In 2022, Jocelyne Cesari, a senior fellow at Georgetown University’s Berkley Centre for Religion, Peace and World Affairs, along with Kalpana Jain, a journalist and editor at The Conversation U.S., delivered a discussion on the rise of anti-Muslim hate speech and violence in India. Combining scholarly and journalistic perspectives, the two argued that PM Modi and his party the BJP have constructed hostile attitudes toward Muslims among the country’s Hindu majority.
They were of the view that after Modi came to power in 2014, India experienced a large increase in anti-Muslim religious violence, with many conflicts centred around allegations of Muslims illegally selling and consuming cow meat. Modi and many prominent members of the BJP contributed to the hatred through their inflammatory rhetoric and their unwillingness to address or punish instances of violence against Muslims.
The pandemic exasperated religious tensions in many unprecedented ways.

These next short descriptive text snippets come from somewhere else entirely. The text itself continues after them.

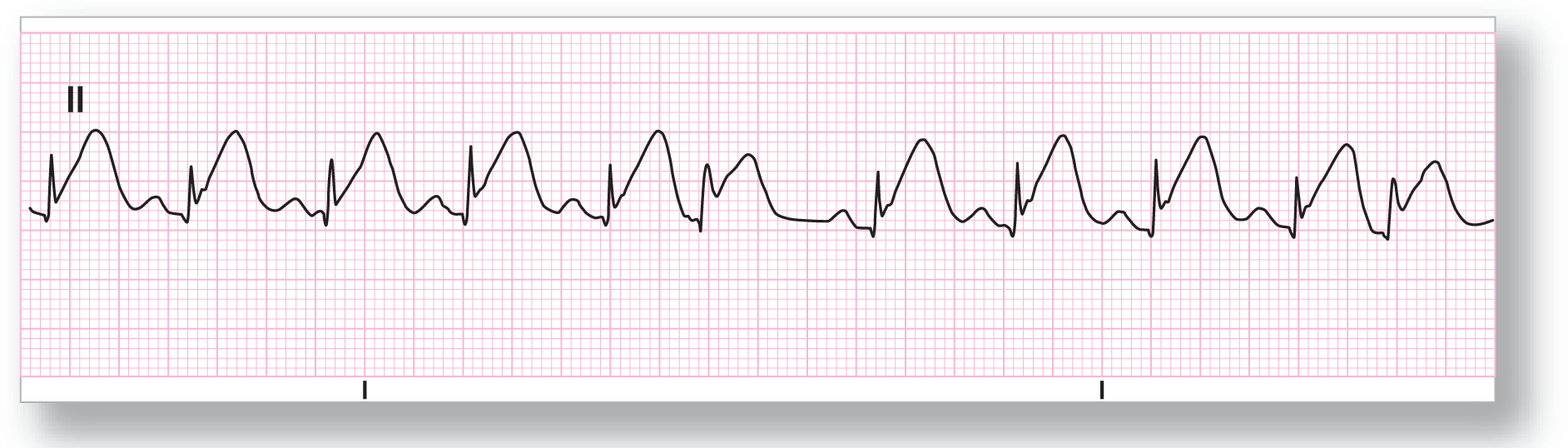 A rhythm strip from lead 2 illustrates sinus tachycardia with frequent PACs.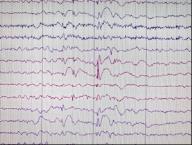 Epilepsi er en av de vanligste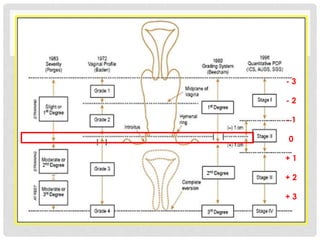 - 3
- 2
- 1
0
+ 1
+ 2
+ 3
 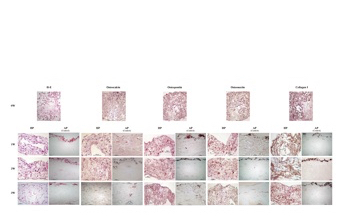 Bone regeneration using hydrostatic pressure-loaded bone marrow-derived mesenchymal stem cells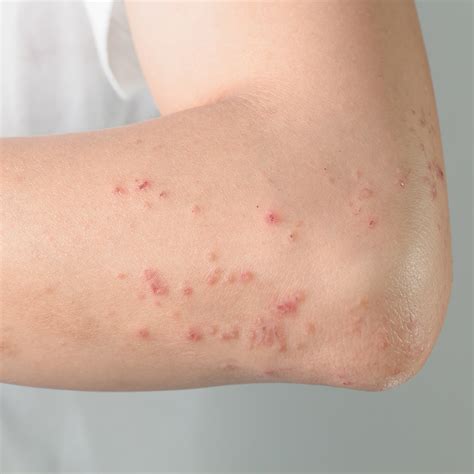 0 Result Images Of Different Types Of Skin Rashes PNG Image Collection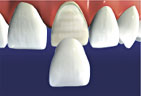 After fabrication the veneer is cemented to the prepared tooth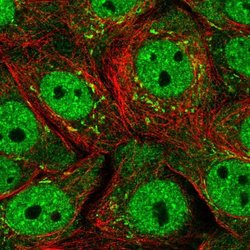 Invitrogen SERTAD1 Polyclonal Antibody 100 &mu;L; Unconjugated:Antibodies,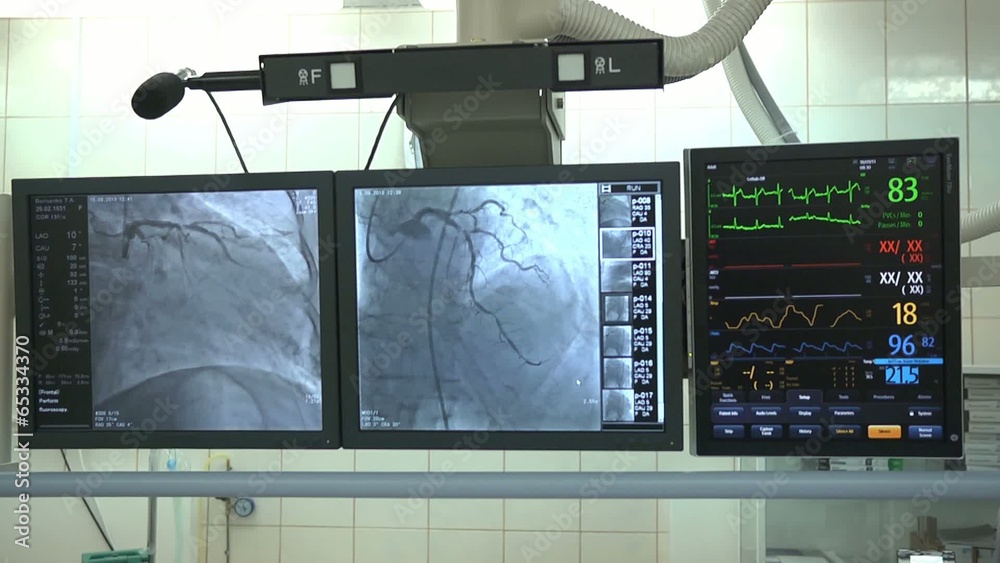 Heart Monitor ECG coronary angiography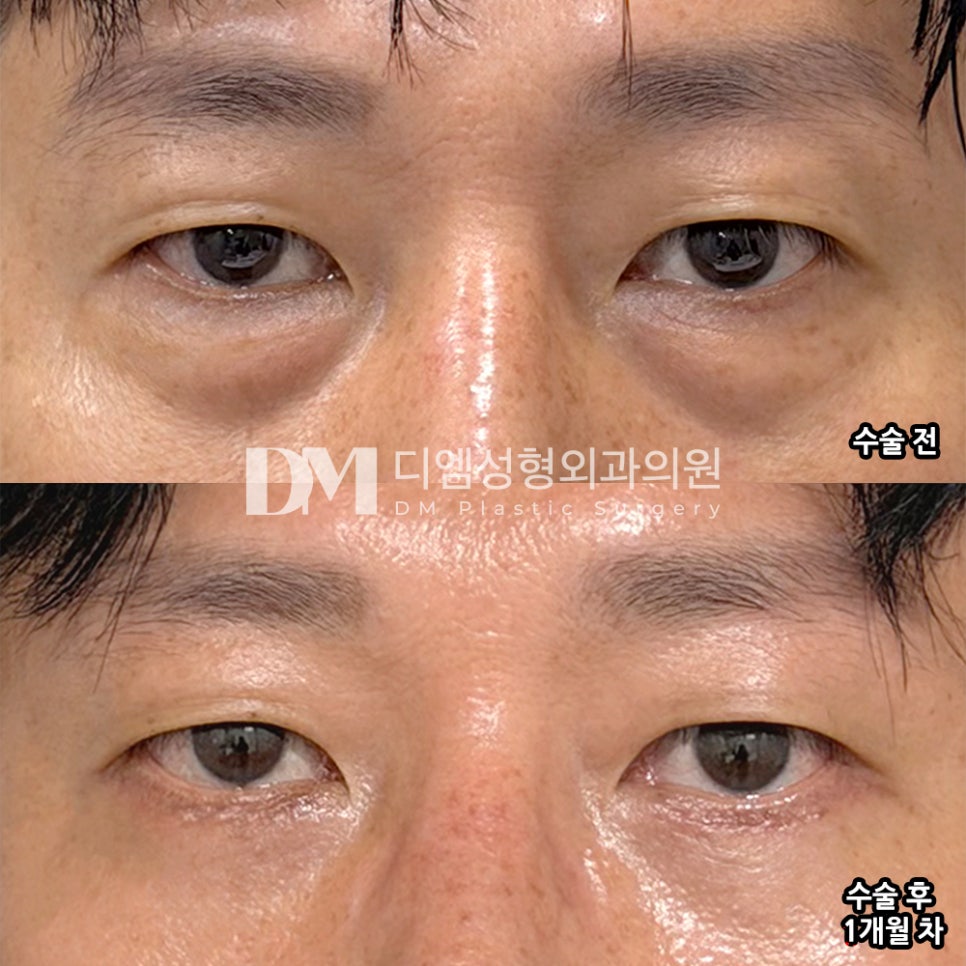DM Lower Blepharoplasty Surgery Review, “I’m Satisfied with the Results at a Reasonable Price!” image 2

As Cesari pointed out, Muslims were arbitrarily denied basic needs: “Muslims were prevented in some cases from getting into hospitals. Their businesses were shut down.”
The BJP has also recently enacted “security” laws that disproportionally target Muslims. “The moment that the state starts to scrutinise one religious group, they also turn to do it to other religious groups,” Jain warned.
Cesari views the current religious tensions as a legacy of British interference in the region. Historically, religious groups on the Indian subcontinent tended to see themselves first and foremost as members of a local community. This local sense of belonging typically superseded religious differences.
This began to change when British rule introduced the modern notion of the state and different groups began competing over the national image and national resources. While, for instance, Muslims previously existed as members of a local community, now they had to conceptualise what it meant to be an Indian Muslim.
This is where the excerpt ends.